Following this link from John Sides, I read this blog by Justin Wolfers on a problem with U.S. Census data discovered by Trent Alexander, Michael Davern and Betsey Stevenson:

The authors compare the official census count (based on the tallying up of all Census forms) with their own calculations, based on the sub-sample released for researchers (the “public use micro sample,” available through IPUMS). If all is well, then the authors’ estimates should be very close to 100% of the official population count. But they aren’t:

The two estimates are pretty similar for those younger than 65. But then things go haywire, with the alternative estimates disagreeing by as much as 15%. . . .

What’s the source of the problem? The Census Bureau purposely messes with the microdata a little, to protect the identity of each individual. . . . But the problem arose because of a programming error in how the Census Bureau ran these procedures. The right response is obvious: fix the programs, and publish corrected data. Unfortunately, the Census Bureau has refused to correct the data.

Huh? There must be something I’m missing here. Also, apparently there are similar problems with the American Community Survey and the Current Population Survey.

P.S. There’s one place where I disagree with Justin, though. He writes:

The microdata suggest that there are more very old men than very old women — I know some senior women who wish this were true!

You better do the decision analysis on this one carefully. If “this were true,” presumably it would mean that these senior women might very well be wishing themselves to be dead!

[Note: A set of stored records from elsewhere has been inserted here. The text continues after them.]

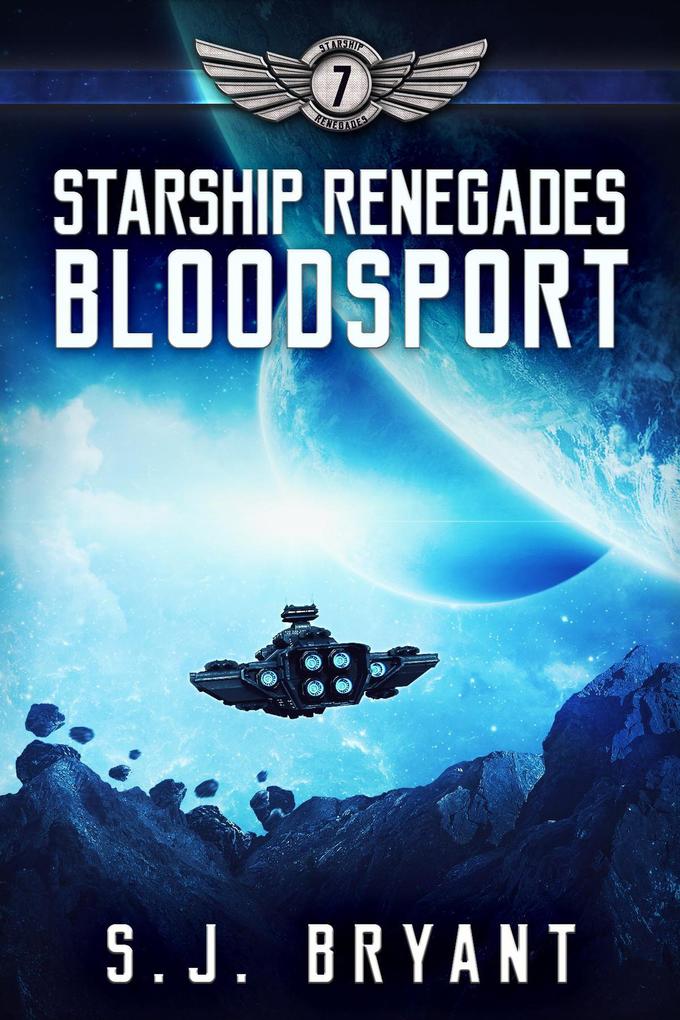 Starship Renegades: Bloodsport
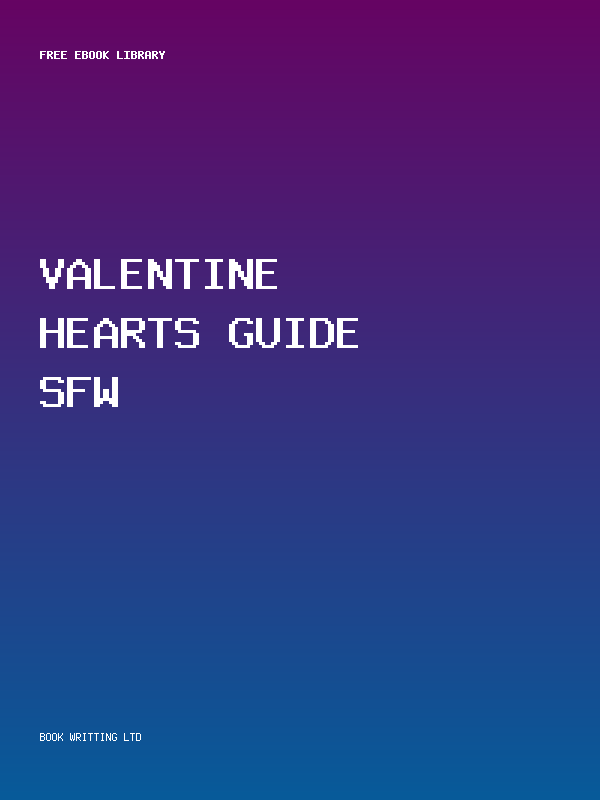 Valentine Hearts Guide Sfw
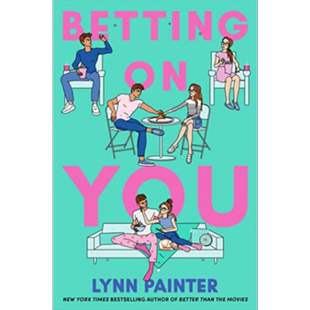 赌你 英文原版 Betting on You Lynn Painter 北美晋江小说 言情小说 Better than the Movies作者【中商原版】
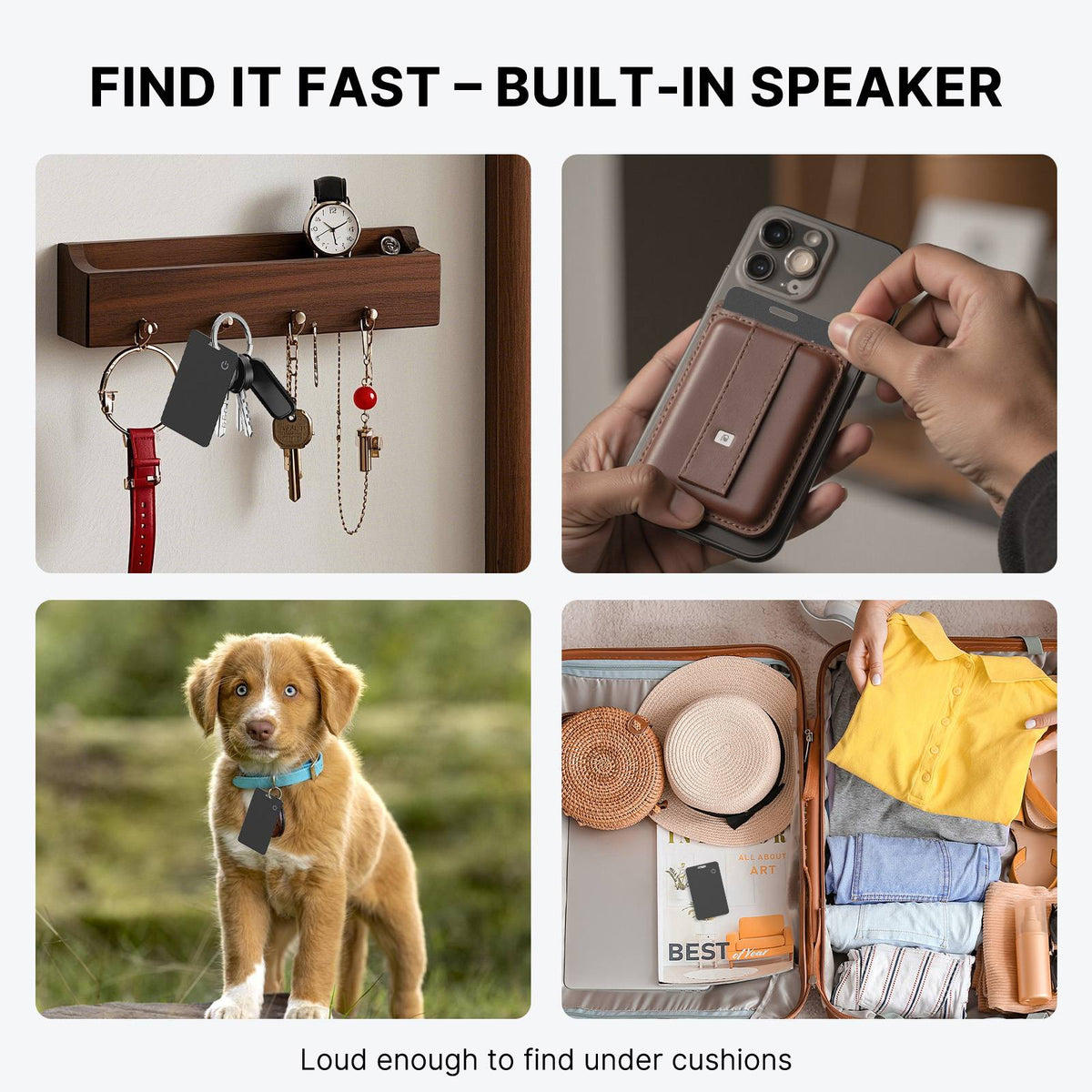 Built-in speaker to find it fast
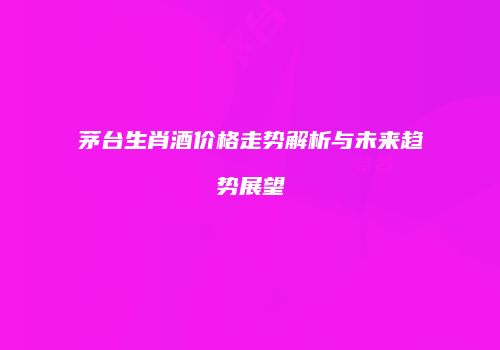 茅台生肖酒价格走势解析与未来趋势展望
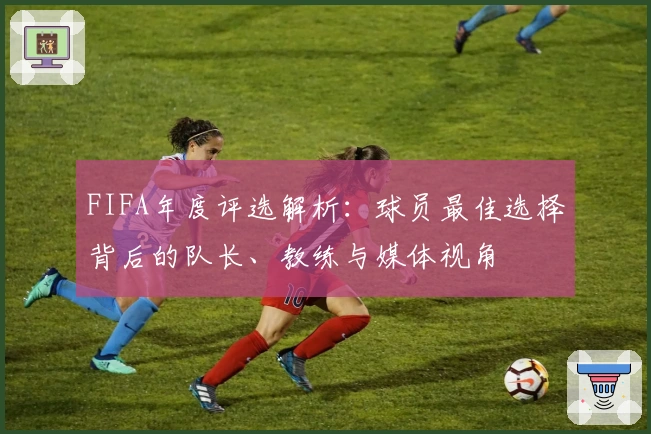 FIFA年度评选解析：球员最佳选择背后的队长、教练与媒体视角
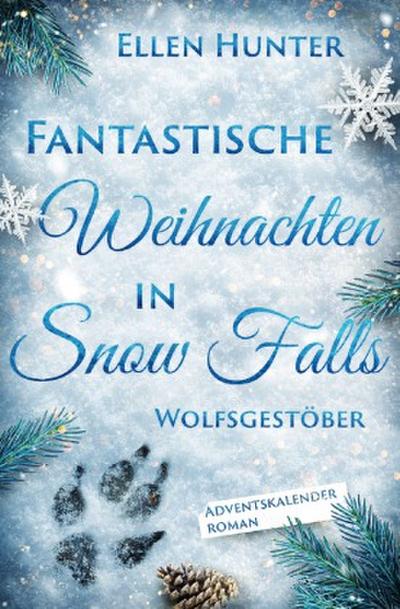 Fantastische Weihnachten in Snow Falls - Wolfsgestöber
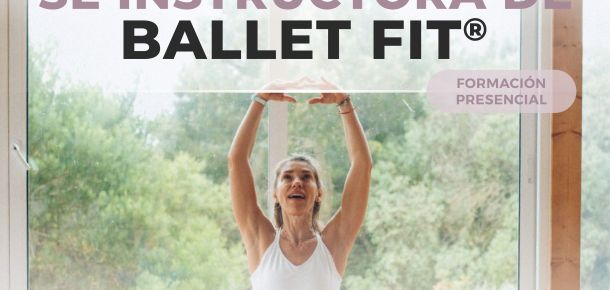 THE SUCCESSFUL BALLET FIT® TRAINING TECHNIQUE COMES TO IBIZA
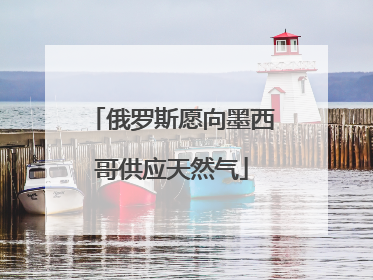 俄罗斯愿向墨西哥供应天然气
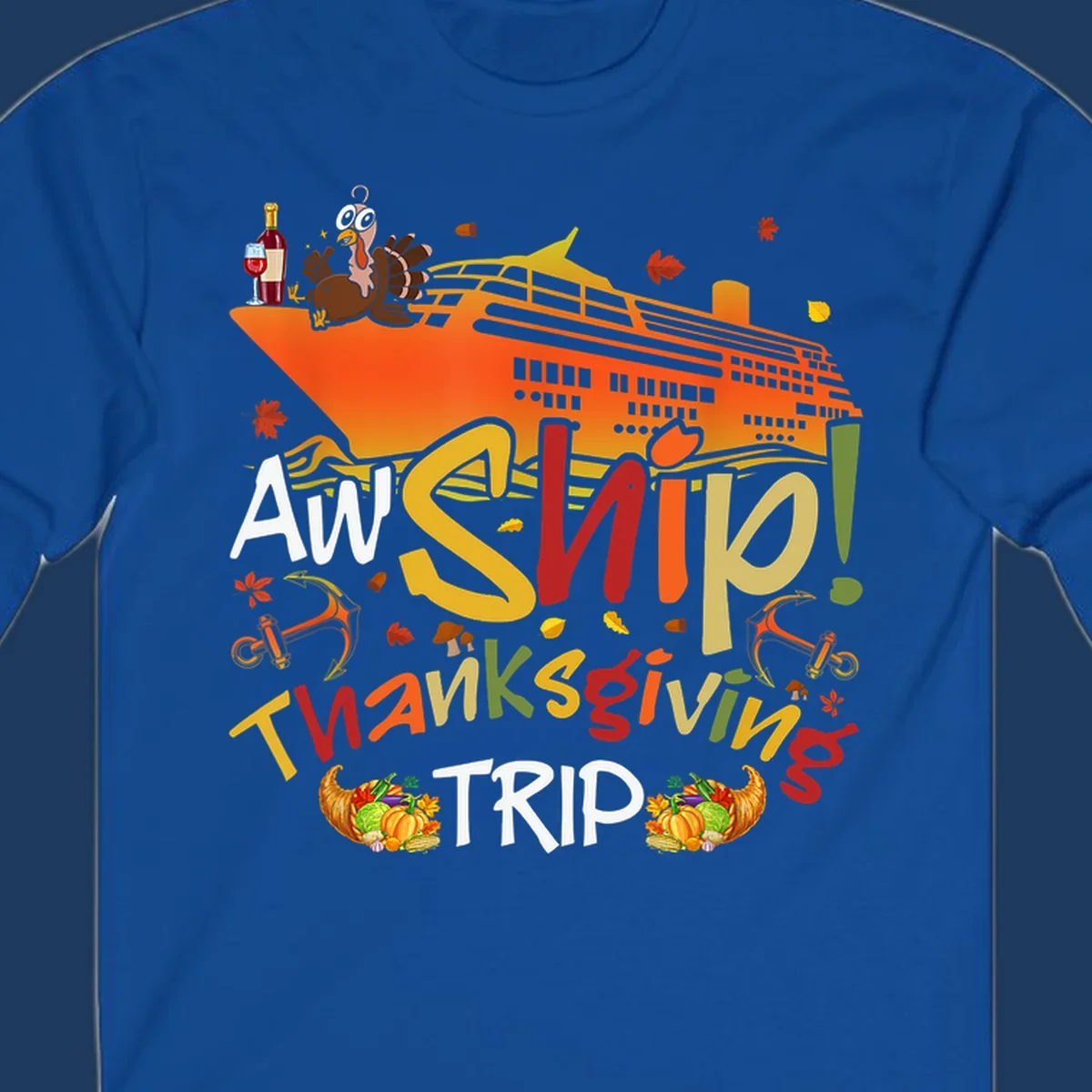 Illustrated thanksgiving cruise ship design with turkey, wine, cornucopia, autumn leaves, and colorful 'An Ship Thanksgiving Trip' text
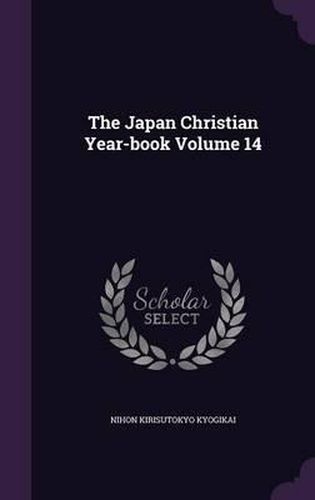 The Japan Christian Year-Book Volume 14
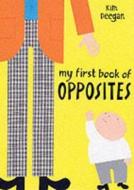 My First Book Of Opposites edito da Bloomsbury Publishing Plc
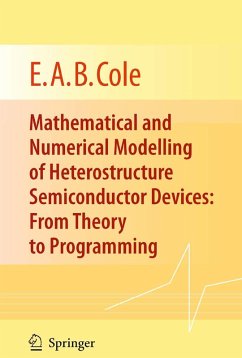 Mathematical and Numerical Modelling of Heterostructure Semiconductor Devices: From Theory to Programming (eBook, PDF) - Cole, E. A. B.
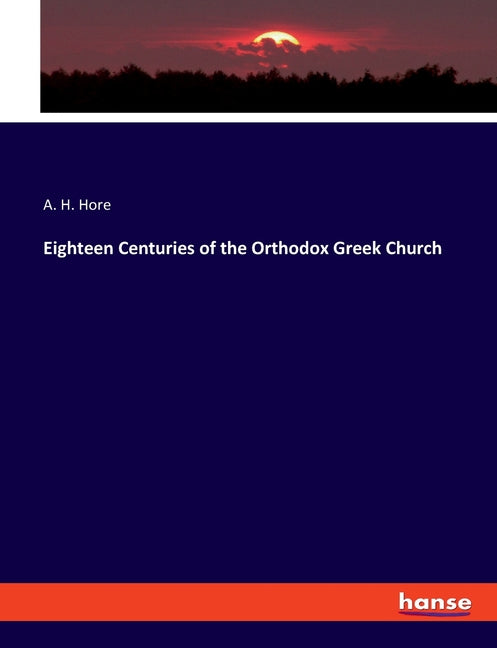 Eighteen Centuries of the Orthodox Greek Church - Ingram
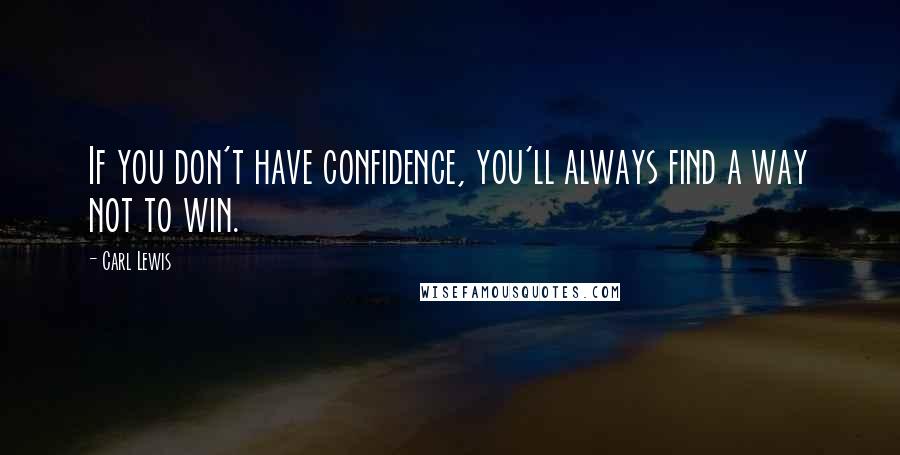 Carl Lewis Quotes: If you don't have confidence, you'll always find a way not to win.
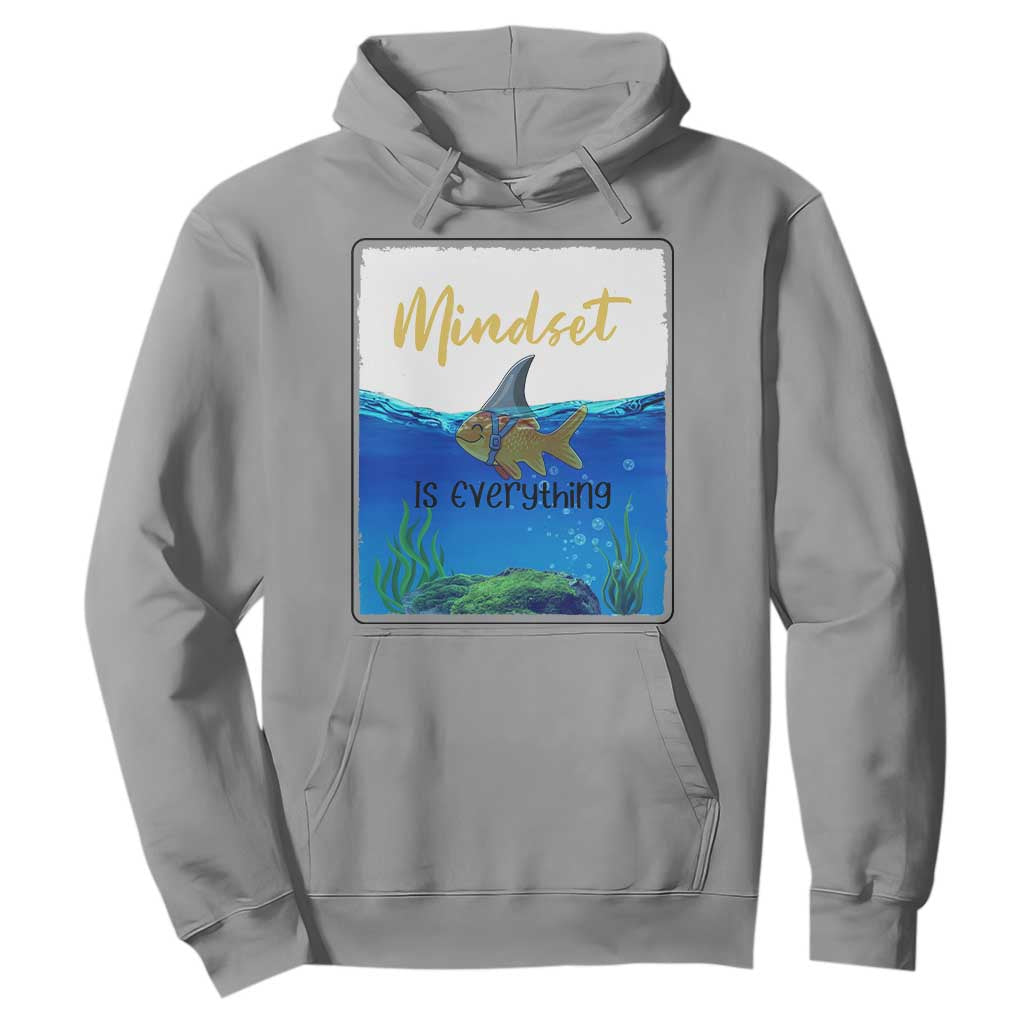 Mindset Is Everything Hoodie Positive Thinking Motivation TS12 Sport Gray Print Your Wear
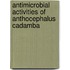 Antimicrobial Activities of Anthocephalus cadamba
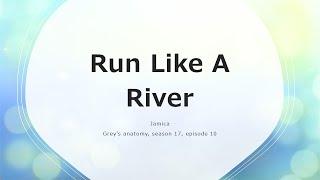 Run Like a River | Jamica | Grey's Anatomy, Season 17, Episode 10 | Lyrics Video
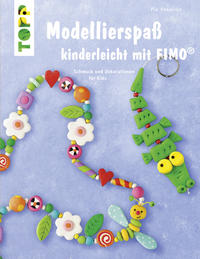 Vorderes Coverbild Modellierspaß kinderleicht mit FIMO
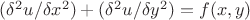 $(\delta ^2u/ \delta x^2)+(\delta ^2u/ \delta y^2)=f(x,y)$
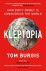 Burgis, Tom - Kleptopia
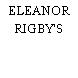 ELEANOR RIGBY'S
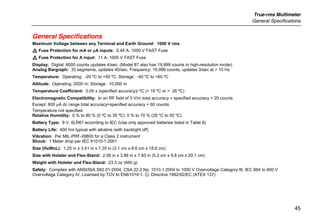 True-rms Multimeter
General Specifications
45
General Specifications
Maximum Voltage between any Terminal and Earth Ground: 1000 V rms
W Fuse Protection for mA or µA inputs: 0.44 A, 1000 V FAST Fuse
W Fuse Protection for A input: 11 A, 1000 V FAST Fuse
Display: Digital: 6000 counts updates 4/sec; (Model 87 also has 19,999 counts in high-resolution mode).
Analog Bargraph: 33 segments, updates 40/sec. Frequency: 19,999 counts, updates 3/sec at > 10 Hz
Temperature: Operating: -20 ºC to +50 ºC; Storage: -40 ºC to +60 ºC
Altitude: Operating: 2000 m; Storage: 10,000 m
Temperature Coefficient: 0.05 x (specified accuracy)/ ºC (< 18 ºC or > 28 ºC)
Electromagnetic Compatibility: In an RF field of 3 V/m total accuracy = specified accuracy + 20 counts
Except: 600 µA dc range total accuracy=specified accuracy + 60 counts.
Temperature not specified.
Relative Humidity: 0 % to 80 % (0 ºC to 35 ºC); 0 % to 70 % (35 ºC to 50 ºC)
Battery Type: 9 V, 6LR61 according to IEC (Use only approved batteries listed in Table 8)
Battery Life: 400 hrs typical with alkaline (with backlight off)
Vibration: Per MIL-PRF-28800 for a Class 2 instrument
Shock: 1 Meter drop per IEC 61010-1:2001
Size (HxWxL): 1.25 in x 3.41 in x 7.35 in (3.1 cm x 8.6 cm x 18.6 cm)
Size with Holster and Flex-Stand: 2.06 in x 3.86 in x 7.93 in (5.2 cm x 9.8 cm x 20.1 cm)
Weight with Holster and Flex-Stand: 23.3 oz (660 g)
Safety: Complies with ANSI/ISA S82.01-2004, CSA 22.2 No. 1010.1:2004 to 1000 V Overvoltage Category III, IEC 664 to 600 V
Overvoltage Category IV. Licensed by TÜV to EN61010-1. ( Directive 1992/92/EC (ATEX 137)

P.P.S. Usually there’s little point to me linking to a blog that gets 100 times our readership, but this is important enough, both to political scientists and more generally in sending the message that we must always check our data, that I wanted to highlight it here. As Daniel Lee can tell you, I spend lots and lots and lots of time checking my data. Even so, I’ve used IPUMS and never checked this!

5 thoughts on “Problems with Census data”

Jeff Lax on February 2, 2010 9:34 AM at 9:34 am said:

Did they use the weights in the PUMS file?
Jeff Lax on February 2, 2010 10:01 AM at 10:01 am said:

They're just trying to kill Mr. P.
Charles Sutton on February 2, 2010 12:33 PM at 12:33 pm said:

If "this were true," presumably it would mean that these senior women might very well be wishing themselves to be dead!

Huh? Could just mean that they're wishing their competition dead (i.e., other old ladies), or, more happily, wishing that men survive longer than they do.
Andrew Gelman on February 2, 2010 1:45 PM at 1:45 pm said:

Jeff: Yeah, everthing happens to us.

Charles: Well, sure, if all the men could live longer, that would be great. My point was that Justin's elderly women friends might very well be wishing their competition were dead, but, logically speaking, that can be thought of as a wish of an increased probability that they might be dead too.
Dan on February 3, 2010 6:38 AM at 6:38 am said:

Andrew —
The reason the Census Bureau refuses to correct the problem is that they're afraid if they do so, less-than-scrupulous researchers will be able to back out the precise procedure the Census uses to protect subject's identity (by comparing the old and new data). They also apparently refuse to draw a new, corrected, 5% IPUMS for the affected years; I'm not sure if this is because it would be too much work, or because the privacy concerns remain.

Comments are closed.